Gross written premiums in Property & Casualty for the first nine months of 2018 grew by 2 percent in US dollar terms and were stable on a like-for-like basis. Growth in Asia Pacific and Latin America was partially offset by planned actions focused on profitability in North America. Overall the Group saw rate increases of around 3 percent over the period.
In EMEA, gross written premiums increased 5 percent in US dollar terms and remained flat on a like-for-like basis, with growth in commercial business in Switzerland, and in Portugal, offset by reductions in Germany and the UK.
Gross written premiums for North America were down 1 percent compared to the prior year period. In line with the Group’s strategy, this was mainly driven by planned reductions in less profitable lines of business.
In Asia Pacific, premiums were up 15 percent on a like-for-like basis with around two thirds of the increase resulting from growth in the Australian travel business, with the balance largely resulting from growth in Japan and Malaysia.
In Latin America, gross written premiums increased by 7 percent on a like-for-like basis driven by the retail business in Brazil and Argentina.

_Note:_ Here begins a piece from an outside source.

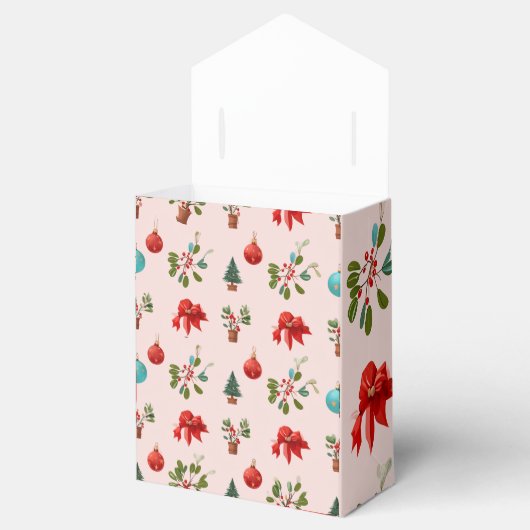 Kunst voller Weihnachtsatmosphäre Gefallen Box Geschenkschachtel (Geöffnet)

Life new business annual premium equivalent (APE) volumes increased by 25 percent on a like-for-like basis in the first nine months after adjusting for currency and the disposal of the UK workplace savings business, with growth of 3 percent as reported.
In EMEA, like-for-like growth of 16 percent was driven by an overall strong performance, in particular by the joint venture with Banco de Sabadell SA in Spain, together with Italy, Switzerland and the UK. North America grew 30 percent as a result of improved volumes of corporate protection business.

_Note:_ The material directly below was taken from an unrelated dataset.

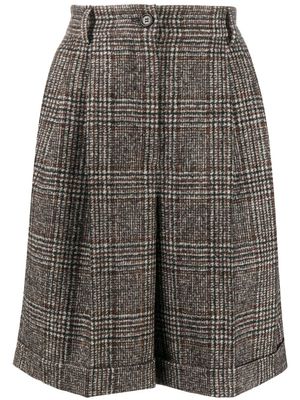 Dolce & Gabbana short à motif Prince De Galles - Marron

In Asia Pacific all countries contributed to growth of 22 percent while Latin America saw growth of 46 percent as a result of winning a tender for a large corporate protection contract in Chile.
The Farmers Exchanges, which are owned by their policyholders, continued to deliver top-line growth in the first nine months of the year with the key customer metrics of Net Promoter Score and retention improving further in the most recent quarter.

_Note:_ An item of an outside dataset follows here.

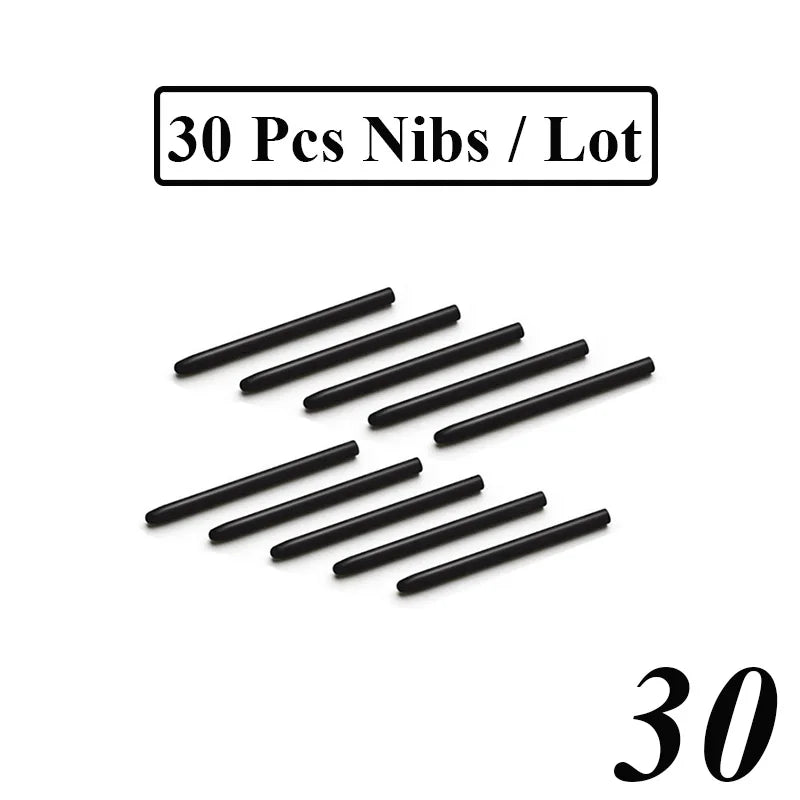 Replacement Nibs for Wacom 471,671,472,672, Intuos CTH-490/690, CTL-490/690/4100WL/6100WL, Intuos 4 / 5 / Pro, Bamboo, Cintiq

In the first nine months, gross written premiums from continuing operations were up 4 percent, with growth across all books of business. The Uber commercial rideshare insurance accounted for approximately one percentage point of the growth. Growth was also supported by the continued delivery of the Farmers Exchanges expansion in the Eastern US, with gross written premiums increasing 16 percent in the expansion states. In July 2018, the Farmers Exchanges opened for business in Florida.
George Quinn, its CFO, said: “We are pleased with the development of our businesses over the first nine months of the year and are on track to achieve our 2017-2019 financial targets.
“Life continues to perform very strongly, while the Farmers Exchanges are seeing good momentum in key customer metrics and underlying profitability. In Property & Casualty we continue to focus on profitability over volumes in what remains a challenging environment. We have also continued to execute on our strategy with the announced acquisition of Adira Insurance in Indonesia and the integration of the acquired QBE businesses in Latin America.”